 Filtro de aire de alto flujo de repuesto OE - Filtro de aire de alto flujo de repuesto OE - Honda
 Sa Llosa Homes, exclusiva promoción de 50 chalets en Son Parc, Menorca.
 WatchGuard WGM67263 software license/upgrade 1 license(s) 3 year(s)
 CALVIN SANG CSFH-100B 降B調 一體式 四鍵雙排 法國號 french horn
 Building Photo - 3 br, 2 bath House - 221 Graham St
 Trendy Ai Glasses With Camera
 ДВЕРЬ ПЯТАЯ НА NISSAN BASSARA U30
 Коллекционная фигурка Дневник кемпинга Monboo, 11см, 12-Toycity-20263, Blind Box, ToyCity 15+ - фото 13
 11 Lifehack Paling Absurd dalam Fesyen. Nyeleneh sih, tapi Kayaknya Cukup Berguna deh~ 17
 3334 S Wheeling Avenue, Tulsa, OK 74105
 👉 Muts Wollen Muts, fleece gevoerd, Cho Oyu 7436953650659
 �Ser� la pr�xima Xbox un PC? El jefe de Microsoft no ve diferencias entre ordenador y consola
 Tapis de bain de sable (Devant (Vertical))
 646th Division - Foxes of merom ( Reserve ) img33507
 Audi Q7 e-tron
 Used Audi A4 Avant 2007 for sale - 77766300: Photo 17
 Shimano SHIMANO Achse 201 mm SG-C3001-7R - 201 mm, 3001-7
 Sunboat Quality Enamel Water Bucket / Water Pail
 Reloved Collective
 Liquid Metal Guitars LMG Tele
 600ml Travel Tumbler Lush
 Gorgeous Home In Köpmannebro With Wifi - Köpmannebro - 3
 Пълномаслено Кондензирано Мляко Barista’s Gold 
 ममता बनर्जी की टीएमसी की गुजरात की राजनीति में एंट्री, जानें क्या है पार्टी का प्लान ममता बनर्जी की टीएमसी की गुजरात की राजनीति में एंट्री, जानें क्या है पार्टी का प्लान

+++

WHAT NEEDS TO BE DONE: Would you copy out all the entries above without changing a single character?

RESPONSE BELOW:
 Filtro de aire de alto flujo de repuesto OE - Filtro de aire de alto flujo de repuesto OE - Honda
 Sa Llosa Homes, exclusiva promoción de 50 chalets en Son Parc, Menorca.
 WatchGuard WGM67263 software license/upgrade 1 license(s) 3 year(s)
 CALVIN SANG CSFH-100B 降B調 一體式 四鍵雙排 法國號 french horn
 Building Photo - 3 br, 2 bath House - 221 Graham St
 Trendy Ai Glasses With Camera
 ДВЕРЬ ПЯТАЯ НА NISSAN BASSARA U30
 Коллекционная фигурка Дневник кемпинга Monboo, 11см, 12-Toycity-20263, Blind Box, ToyCity 15+ - фото 13
 11 Lifehack Paling Absurd dalam Fesyen. Nyeleneh sih, tapi Kayaknya Cukup Berguna deh~ 17
 3334 S Wheeling Avenue, Tulsa, OK 74105
 👉 Muts Wollen Muts, fleece gevoerd, Cho Oyu 7436953650659
 �Ser� la pr�xima Xbox un PC? El jefe de Microsoft no ve diferencias entre ordenador y consola
 Tapis de bain de sable (Devant (Vertical))
 646th Division - Foxes of merom ( Reserve ) img33507
 Audi Q7 e-tron
 Used Audi A4 Avant 2007 for sale - 77766300: Photo 17
 Shimano SHIMANO Achse 201 mm SG-C3001-7R - 201 mm, 3001-7
 Sunboat Quality Enamel Water Bucket / Water Pail
 Reloved Collective
 Liquid Metal Guitars LMG Tele
 600ml Travel Tumbler Lush
 Gorgeous Home In Köpmannebro With Wifi - Köpmannebro - 3
 Пълномаслено Кондензирано Мляко Barista’s Gold 
 ममता बनर्जी की टीएमसी की गुजरात की राजनीति में एंट्री, जानें क्या है पार्टी का प्लान ममता बनर्जी की टीएमसी की गुजरात की राजनीति में एंट्री, जानें क्या है पार्टी का प्लान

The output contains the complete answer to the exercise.